IMPACT OF BIG DATA AND PREDICTIVE ANALYTICS ON FINANCIAL FORECASTING ACCURACY AND DECISION-MAKING IN GLOBAL CAPITAL MARKETS
DOI:
https://doi.org/10.63125/hg37h121Keywords:
Big Data, Predictive Analytics, Forecasting Accuracy, Decision-Making, Capital MarketsAbstract
This quantitative study examined how big data intensity and predictive-analytics capability influenced financial forecasting accuracy and decision-making quality in global capital markets. The study was grounded in an extensive review of 112 peer-reviewed empirical and methodological papers spanning econometric forecasting, alternative data applications, machine learning in asset pricing, and decision-value testing across international markets. Using a cross-sectional time-series panel of market–asset–time observations, the analysis integrated developed and emerging markets and covered equities, fixed income, foreign exchange, and derivatives. Big data intensity was operationalized as a composite index reflecting data volume, variety, frequency, latency, dimensionality, and coverage breadth, while predictive-analytics capability was measured as a ranked model-class indicator ranging from classical econometrics to hybrid econometric–machine-learning systems. Forecasting accuracy served as the primary outcome and was evaluated through rolling out-of-sample errors; decision-making quality was assessed through standardized portfolio, trading, and risk-performance indicators.

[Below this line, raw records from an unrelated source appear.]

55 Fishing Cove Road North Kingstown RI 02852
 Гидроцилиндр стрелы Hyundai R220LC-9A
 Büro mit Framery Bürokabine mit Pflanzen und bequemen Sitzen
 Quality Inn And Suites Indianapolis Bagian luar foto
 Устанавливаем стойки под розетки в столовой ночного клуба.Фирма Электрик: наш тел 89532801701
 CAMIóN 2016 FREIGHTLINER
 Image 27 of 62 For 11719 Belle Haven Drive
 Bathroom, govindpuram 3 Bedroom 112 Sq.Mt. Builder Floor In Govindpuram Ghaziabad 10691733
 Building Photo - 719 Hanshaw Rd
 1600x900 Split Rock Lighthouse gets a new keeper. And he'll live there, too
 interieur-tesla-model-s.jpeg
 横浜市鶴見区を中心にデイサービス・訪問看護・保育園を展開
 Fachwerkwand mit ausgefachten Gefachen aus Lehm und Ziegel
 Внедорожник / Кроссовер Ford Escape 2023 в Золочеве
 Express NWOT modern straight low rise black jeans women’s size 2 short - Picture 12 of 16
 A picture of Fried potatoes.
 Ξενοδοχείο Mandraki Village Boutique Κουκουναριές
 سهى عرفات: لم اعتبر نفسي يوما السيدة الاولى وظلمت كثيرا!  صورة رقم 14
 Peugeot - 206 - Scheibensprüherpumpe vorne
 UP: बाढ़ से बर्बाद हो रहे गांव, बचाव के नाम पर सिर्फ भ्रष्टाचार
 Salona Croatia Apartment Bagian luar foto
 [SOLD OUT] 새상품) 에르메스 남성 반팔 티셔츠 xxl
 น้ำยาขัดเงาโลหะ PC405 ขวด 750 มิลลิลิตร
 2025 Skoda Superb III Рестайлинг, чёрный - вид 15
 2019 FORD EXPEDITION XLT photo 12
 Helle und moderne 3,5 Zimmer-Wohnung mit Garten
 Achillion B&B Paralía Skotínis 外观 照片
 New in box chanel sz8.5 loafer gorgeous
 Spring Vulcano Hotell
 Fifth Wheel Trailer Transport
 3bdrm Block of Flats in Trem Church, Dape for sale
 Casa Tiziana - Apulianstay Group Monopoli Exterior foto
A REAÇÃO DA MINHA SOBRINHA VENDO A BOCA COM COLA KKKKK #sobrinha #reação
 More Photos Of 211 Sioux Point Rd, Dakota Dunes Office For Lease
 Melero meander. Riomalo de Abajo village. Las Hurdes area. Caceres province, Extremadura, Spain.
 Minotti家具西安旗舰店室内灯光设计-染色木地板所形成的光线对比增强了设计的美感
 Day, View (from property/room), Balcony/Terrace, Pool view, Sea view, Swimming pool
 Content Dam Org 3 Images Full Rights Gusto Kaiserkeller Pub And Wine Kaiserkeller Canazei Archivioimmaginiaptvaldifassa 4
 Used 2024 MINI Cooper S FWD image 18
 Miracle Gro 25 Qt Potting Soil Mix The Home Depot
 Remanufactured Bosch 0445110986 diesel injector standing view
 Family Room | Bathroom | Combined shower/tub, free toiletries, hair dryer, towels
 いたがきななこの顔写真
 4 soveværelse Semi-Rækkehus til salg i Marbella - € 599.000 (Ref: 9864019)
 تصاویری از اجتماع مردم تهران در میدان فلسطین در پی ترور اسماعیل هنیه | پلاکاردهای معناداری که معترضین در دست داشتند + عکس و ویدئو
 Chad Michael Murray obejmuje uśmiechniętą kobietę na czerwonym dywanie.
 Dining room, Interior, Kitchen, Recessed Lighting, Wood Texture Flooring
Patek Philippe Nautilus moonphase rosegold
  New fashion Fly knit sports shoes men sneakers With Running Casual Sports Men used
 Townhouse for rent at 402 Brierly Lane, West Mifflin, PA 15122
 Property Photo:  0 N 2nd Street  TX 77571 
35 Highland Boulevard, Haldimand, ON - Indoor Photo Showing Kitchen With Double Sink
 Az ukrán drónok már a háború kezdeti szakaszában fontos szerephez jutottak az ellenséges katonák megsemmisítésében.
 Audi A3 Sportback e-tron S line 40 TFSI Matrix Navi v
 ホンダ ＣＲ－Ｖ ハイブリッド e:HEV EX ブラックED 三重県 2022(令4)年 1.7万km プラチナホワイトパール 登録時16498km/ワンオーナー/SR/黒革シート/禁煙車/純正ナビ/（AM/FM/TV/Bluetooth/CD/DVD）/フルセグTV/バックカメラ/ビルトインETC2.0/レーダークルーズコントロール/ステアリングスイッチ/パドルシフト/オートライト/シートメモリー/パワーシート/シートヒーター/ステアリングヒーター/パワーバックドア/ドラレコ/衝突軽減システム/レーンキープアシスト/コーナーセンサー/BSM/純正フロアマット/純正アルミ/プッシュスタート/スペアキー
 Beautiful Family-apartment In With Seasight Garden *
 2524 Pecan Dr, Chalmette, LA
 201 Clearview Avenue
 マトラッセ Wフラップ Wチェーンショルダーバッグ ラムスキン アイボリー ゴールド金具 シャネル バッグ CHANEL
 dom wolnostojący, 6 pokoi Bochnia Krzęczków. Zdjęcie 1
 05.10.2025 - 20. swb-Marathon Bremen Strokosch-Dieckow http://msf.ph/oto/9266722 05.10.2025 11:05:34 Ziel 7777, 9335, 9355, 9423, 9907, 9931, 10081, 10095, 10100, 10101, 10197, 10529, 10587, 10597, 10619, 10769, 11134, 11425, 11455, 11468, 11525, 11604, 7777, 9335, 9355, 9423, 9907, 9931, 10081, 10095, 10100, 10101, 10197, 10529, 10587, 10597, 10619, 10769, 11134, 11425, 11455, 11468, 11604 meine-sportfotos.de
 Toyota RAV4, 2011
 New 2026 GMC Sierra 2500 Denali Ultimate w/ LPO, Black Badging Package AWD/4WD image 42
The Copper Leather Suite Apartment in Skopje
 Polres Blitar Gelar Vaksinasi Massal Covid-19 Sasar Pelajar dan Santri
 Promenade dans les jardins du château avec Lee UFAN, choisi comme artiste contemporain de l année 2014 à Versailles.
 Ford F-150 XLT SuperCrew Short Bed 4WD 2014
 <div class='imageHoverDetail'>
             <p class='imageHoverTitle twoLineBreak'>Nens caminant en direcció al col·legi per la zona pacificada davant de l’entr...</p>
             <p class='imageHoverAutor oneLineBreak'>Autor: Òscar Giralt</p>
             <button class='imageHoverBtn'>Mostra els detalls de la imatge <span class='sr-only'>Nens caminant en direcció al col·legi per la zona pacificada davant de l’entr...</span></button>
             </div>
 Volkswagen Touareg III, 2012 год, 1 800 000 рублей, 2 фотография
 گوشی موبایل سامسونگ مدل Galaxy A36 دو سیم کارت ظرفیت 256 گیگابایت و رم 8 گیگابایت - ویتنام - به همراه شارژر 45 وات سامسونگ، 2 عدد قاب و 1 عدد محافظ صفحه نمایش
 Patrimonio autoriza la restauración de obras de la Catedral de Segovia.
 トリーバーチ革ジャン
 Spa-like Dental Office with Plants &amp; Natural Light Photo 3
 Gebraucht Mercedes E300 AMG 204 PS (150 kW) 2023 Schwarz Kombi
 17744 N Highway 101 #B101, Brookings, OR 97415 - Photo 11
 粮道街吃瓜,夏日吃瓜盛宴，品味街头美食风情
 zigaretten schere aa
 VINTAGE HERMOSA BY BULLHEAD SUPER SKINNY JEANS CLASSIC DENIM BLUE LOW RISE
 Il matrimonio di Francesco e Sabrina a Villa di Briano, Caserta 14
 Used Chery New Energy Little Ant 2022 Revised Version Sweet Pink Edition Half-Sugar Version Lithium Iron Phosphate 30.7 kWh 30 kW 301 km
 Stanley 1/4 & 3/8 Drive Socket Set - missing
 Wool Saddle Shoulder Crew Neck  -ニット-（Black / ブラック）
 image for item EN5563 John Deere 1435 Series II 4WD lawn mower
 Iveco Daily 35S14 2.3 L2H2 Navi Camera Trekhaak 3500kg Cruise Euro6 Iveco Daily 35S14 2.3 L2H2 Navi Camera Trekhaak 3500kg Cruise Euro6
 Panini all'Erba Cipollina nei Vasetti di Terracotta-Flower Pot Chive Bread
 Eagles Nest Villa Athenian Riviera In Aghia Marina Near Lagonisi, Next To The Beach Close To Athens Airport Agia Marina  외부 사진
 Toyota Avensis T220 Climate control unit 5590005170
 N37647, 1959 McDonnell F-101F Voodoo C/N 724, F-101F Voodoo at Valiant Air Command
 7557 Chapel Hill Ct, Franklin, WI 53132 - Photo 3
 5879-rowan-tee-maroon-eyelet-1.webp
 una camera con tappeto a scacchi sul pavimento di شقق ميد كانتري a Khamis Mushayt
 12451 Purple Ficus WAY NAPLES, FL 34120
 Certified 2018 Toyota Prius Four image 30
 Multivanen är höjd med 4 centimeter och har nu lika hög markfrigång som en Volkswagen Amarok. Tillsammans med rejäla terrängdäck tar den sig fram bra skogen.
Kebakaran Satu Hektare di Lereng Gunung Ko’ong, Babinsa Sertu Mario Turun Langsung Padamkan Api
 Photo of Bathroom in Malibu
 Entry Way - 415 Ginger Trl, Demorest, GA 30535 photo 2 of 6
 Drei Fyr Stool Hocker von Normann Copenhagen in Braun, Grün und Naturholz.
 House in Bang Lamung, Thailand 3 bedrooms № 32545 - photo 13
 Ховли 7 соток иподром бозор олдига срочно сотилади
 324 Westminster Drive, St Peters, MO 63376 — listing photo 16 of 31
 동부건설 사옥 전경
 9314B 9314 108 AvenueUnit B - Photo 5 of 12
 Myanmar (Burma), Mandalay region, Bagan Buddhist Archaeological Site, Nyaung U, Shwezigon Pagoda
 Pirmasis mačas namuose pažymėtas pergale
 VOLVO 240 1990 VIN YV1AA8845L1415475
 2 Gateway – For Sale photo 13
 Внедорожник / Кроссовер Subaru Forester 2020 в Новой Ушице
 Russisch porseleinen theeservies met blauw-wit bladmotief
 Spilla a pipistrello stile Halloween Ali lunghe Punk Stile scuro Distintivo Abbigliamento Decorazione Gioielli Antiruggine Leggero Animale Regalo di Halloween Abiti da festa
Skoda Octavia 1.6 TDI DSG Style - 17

Descriptive results showed substantial dispersion across markets, with mean big data intensity at 0.56 (SD = 0.19) and predictive-analytics capability at 3.12 (SD = 1.09) on a five-point scale. Developed markets exhibited higher data intensity (0.63) and sophistication (3.54) than emerging markets (0.48 and 2.66, respectively). Correlation analysis indicated that big data intensity and predictive-analytics capability were each inversely associated with forecasting error (r = −0.46 and r = −0.52), and forecasting error was inversely related to decision-making quality (r = −0.48). Fixed-effects panel regressions confirmed significant direct effects: big data intensity reduced forecasting error (β = −0.021, p < .001) and predictive-analytics capability reduced forecasting error (β = −0.018, p < .001). The interaction term was also negative (β = −0.007, p < .01), indicating complementarity such that analytics benefits strengthened under higher data intensity. In the decision model, forecasting error significantly predicted decision quality (β = −28.6, p < .001), demonstrating that statistical accuracy gains translated into improved economic outcomes. Overall, the study provided integrated evidence that richer data environments and advanced predictive analytics jointly enhanced forecasting precision and decision performance across global capital markets.